I got two emails from Team Hillary yesterday. The first:
You've probably heard by now, but let me say it again… WE WON THE IOWA CAUCUS!
Now take that enthusiasm and channel it, because we've got our work cut out for us: Bernie's supporters chipped in $3 million within 24 hours of the caucus. That’s an incredible show of support, and we need to make sure we’re fighting just as hard for Hillary.
Bernie says we're not as energetic or enthusiastic as his supporters. It's true that more of his supporters have stepped up to fund his campaign, but I think he's dead wrong (and more than a little insulting) about the strength and character of Team Hillary.
Not insulting if it’s true …
The other email, just a few hours later:
For the first time this campaign, we're being outraised by our opponent. Bernie raised more than $20 million in January (and another $3 million so far this month) -- we fell short at only $15 million for Hillary for America [...]
There's no cavalry coming -- it's just people like you who are going to decide whether or not to step up to elect the first woman president our country has ever had.
I love how mystified the campaign seems that wow, you inspire and excite people, they’ll pull through for you!
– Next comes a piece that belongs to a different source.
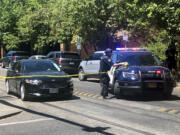 A police officer tapes off a crime scene on Saturday, July 22, 2023, after a shooting at Legacy Good Samaritan Medical Center in Portland, Ore. Gunfire erupted in a maternity unit of the Oregon hospital last weekend, fatally wounding an unarmed security guard and leading to renewed calls Monday, July 24,  to protect health care workers from increasing violence.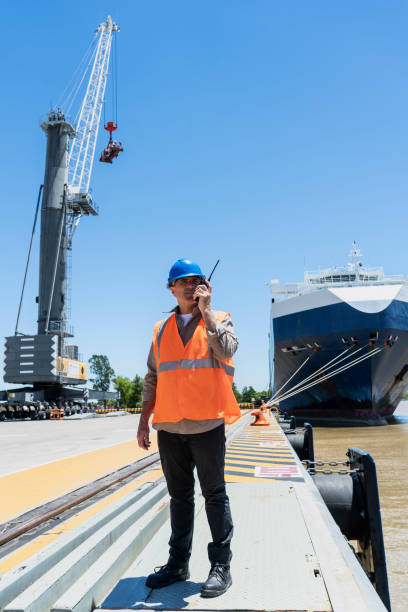Male cargo handler talking on walkie talkie while standing on ship dock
They’re mystified that hiding Clinton for the last six months as she did the hedge-fund-manager fundraising circuit and weekend debates is now failing to connect with the party grassroots.
My biggest fuckup this cycle is thinking that by hiring Robbie Mook—the architect of Terry McAuliffe’s off-year gubernatorial victory in Virginia in 2013, running an explicitly liberal and base-pleasing campaign—meant that she had learned the hard lessons of her 2008 campaign. But it’s pretty clear that Mook is not the guy in charge. Probably the same old cabal of Clinton hanger-ons that advised her to keep her mouth shut on TPP and KXL until well after the damage was done to her campaign.
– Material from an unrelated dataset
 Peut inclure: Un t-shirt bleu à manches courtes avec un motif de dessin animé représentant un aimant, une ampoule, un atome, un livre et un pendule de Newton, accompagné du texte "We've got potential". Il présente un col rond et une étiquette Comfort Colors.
Now, we get fundraising emails that are downright comical. I literally LOLd when I read each one of those.
I still think Clinton will ultimately ride her strong support among our base groups of color and women to victory.
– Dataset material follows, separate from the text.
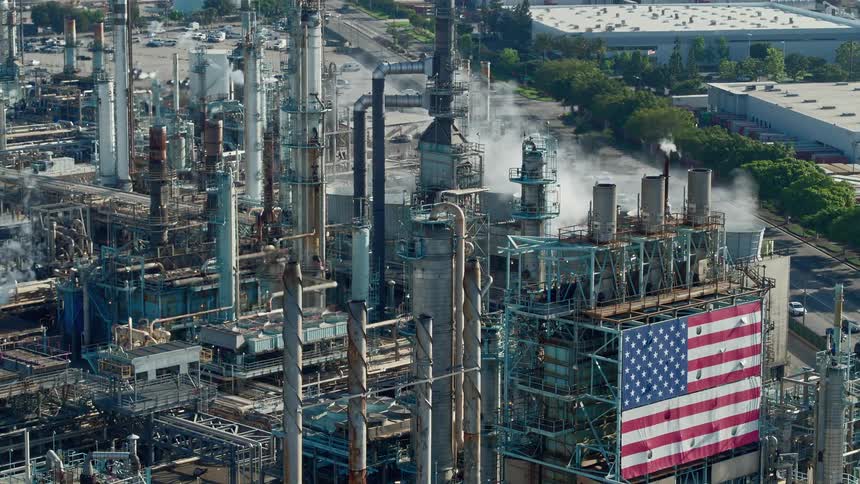 Traffic passes by factory decorated by large torn american flag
Iowa and New Hampshire are among the least representative states possible, and their first-in-nation status is wholly undeserved and counterproductive. Imagine if Sanders had spent a year campaigning in South Carolina and Nevada instead of Iowa and NH. He would’ve learned how to emotionally connect with Latinos and African Americans—something that parachuting into South Carolina and hanging out with black preachers for a day or three will never accomplish (and god knows neither Vermont, Iowa, nor New Hampshire have properly prepared him for that). He’d be far better equipped today to deal with a party that looks nothing like him or his state, without compromising the online appeal that has raised his tens of millions. But alas, that would be the primary system we’d love, rather than the one we’re still inexplicably stuck with.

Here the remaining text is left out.